Es gibt also prinzipiell nur zwei Möglichkeiten: der Mensch passt sich dem Sonnenlimit wieder an, oder er versucht, sonnenunabhängige, atomare Energievorräte auf der Erde zu entfesseln. Alle anderen Wege führen in den Zusammenbruch nach Erschöpfung der fossilen Energien.

Die Nutzung von Atomenergie birgt die bekannten Risiken. Sie ist vor allem ein Eingriff in das empfindliche Gleichgewicht aus Energieeinstrahlung und Energieabstrahlung auf unserer Erde. Nur dieses Gleichgewicht ermöglicht zurzeit Lebenstemperaturen auf unserem Planeten als dem einzigen unter Milliarden. Sie werden vor allem gewährleistet durch die außergewöhnlich empfindliche Zusammensetzung, durch den Grad der Durchlässigkeit unserer Erdatmosphäre und deren Austauschvorgänge mit den Weltmeeren.

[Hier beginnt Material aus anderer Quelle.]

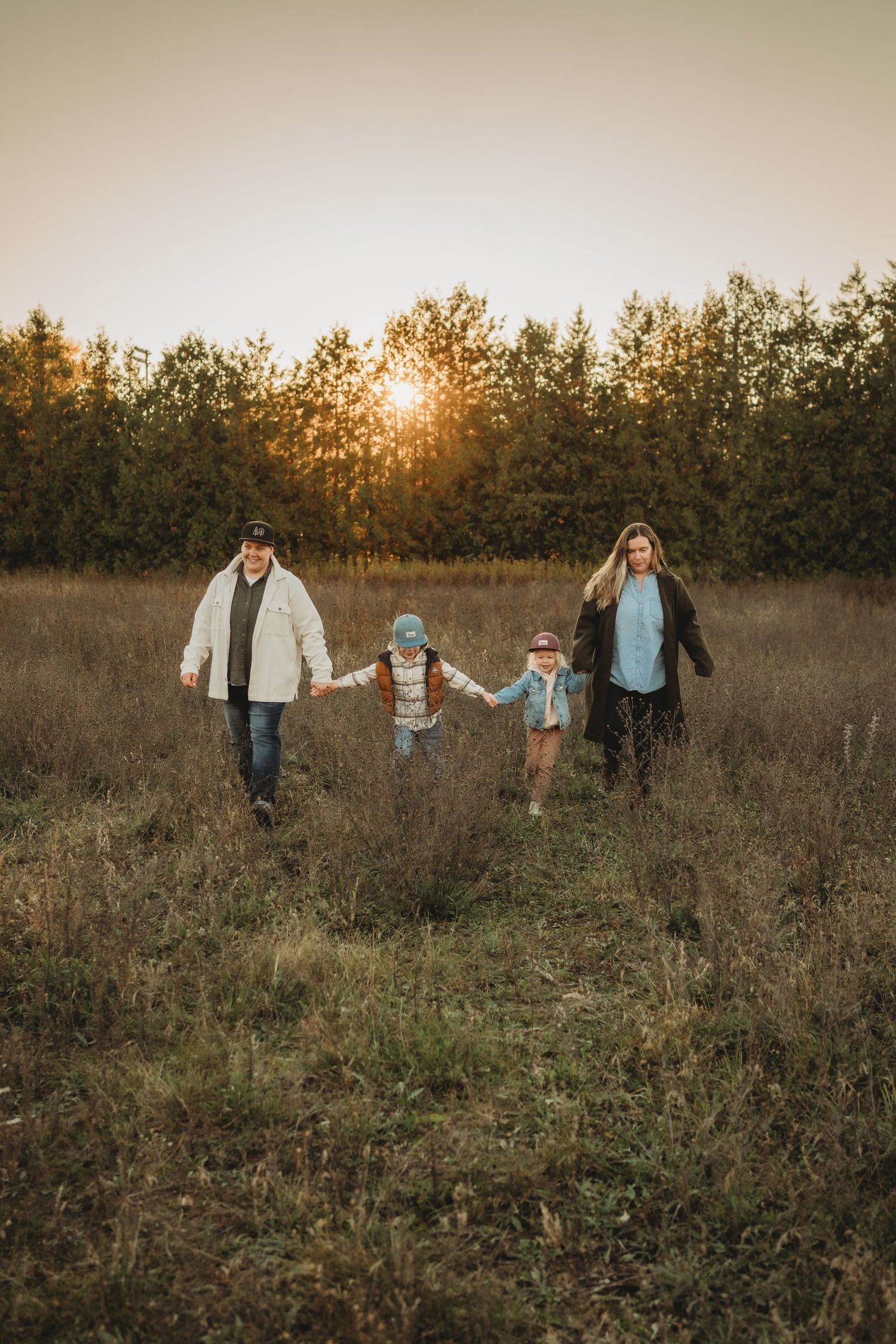 A family walks hand in hand through a golden field at sunset with trees silhouetted in the background.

Es waren Jahrmilliarden nötig, um dieses Gleichgewicht aufzubauen und einzupendeln. Sowohl die Nutzung der fossilen wie auch der atomaren Energien greift empfindlich in dieses Gleichgewicht ein. Der CO2-Ausstoß der fossilen Energien führt die Erde zum Teil in physikalische Zustände der Erdgeschichte zurück, wie sie vor der Ansammlung dieser Energien herrschten. Atomenergie wirft zwar kein CO2-Problem auf und erzeugt keinen Treibhauseffekt. Gleichwohl erhöht sie die Erdtemperatur. Bei Ausdehnung des Standards der Industrieländer auf die gesamte Weltbevölkerung würde sich die jährliche Durchschnittstemperatur um über 5° C erhöhen. Eine Erhöhung von nur 2° C entspräche den Temperaturverhältnissen im Tertiär – als an der Themse Verhältnisse wie am Nil herrschten. Niemand weiß, ob sich die Temperatur nur auf einem höheren Niveau einpendeln wird oder ob die zusätzlich erzeugten Energien nicht vollständig in den Weltraum abgestrahlt werden können und die Erdtemperatur deshalb immer weiter erhöhen werden. Hinzu kommen die bekannten anderen Risiken der Entsorgung und der Beherrschbarkeit. Auch sind die Uran-Vorräte so begrenzt, dass sich Investitionen in die Weiterentwicklung von uranabhängigen Technologien schon nicht mehr lohnen. Gleichwohl wird man vermutlich den Weg der Atomnutzung weiterbeschreiten, um den Verzicht auf überhöhte Standards und das Zusammenbrechen der Überpopulation zu verhindern.